When I was growing up, I used to eavesdrop on adult conversations. A lot. The topic of “high-society” perversions came up from time to time, not that anything remotely sleazy would happen in good middle-class families unless of course Western culture. What got stuck in my mind, from among these many overheard conversations, was the word “swapping”. For me “swapping” meant exchanging duplicates of Thums Up caps in the hope of getting a Thums Up Mini Bat or a Thums Up Mini Ball or action flickers (none of which I ever got by the way). However I was not so naive that I could not figure out there was something innately sinful about it.
“These high-society people come with their wives to these parties”, I remember one aunty whispering with round eyes of terror, who then lowered her voice even further to say “and leave with other wives”. What she said subsequently was drowned out in “Chi chis” and “E baba”s and “Eo ki howe?” (Can such things happen?). I didn’t understand what was so wrong about the concept of course. I mean I go to school with one friend, and come back with another, and if it was so wrong, why did my parents allow me?

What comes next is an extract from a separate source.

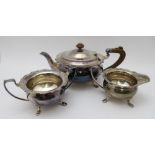 William Suckling Ltd. A silver three-piece tea set, squat form with decorative piecrust rim, each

It was only later, much later in life, when I saw Ajnabee that I understood, together with password policies followed in Swiss Banks, what the word “swapping” meant.
As I went through life, progressing from one social circle to another, I realized that in none of them is swapping even a topic of conversation, forget other forms of Western deviance. They talk about mortgages rates, and DSLR cameras, and lemon scones, and it fills me with clammy cold-handed panic, because I know, I am still in the band of the virtuous middle-class, and despite my desire to ascend socially, I am not anywhere close to where I really want to be.
And possibly never will.
So frustrated at my own inability to be evil, I sink back into the couch, dally around with my humble dinner of rice and a protein, and roll my eyes at the debauchery of those porn-loving degenerates that have sold their soul to the Westernized Devils.
All the while pretending not to see them puckering their lips through the screen, mocking me back.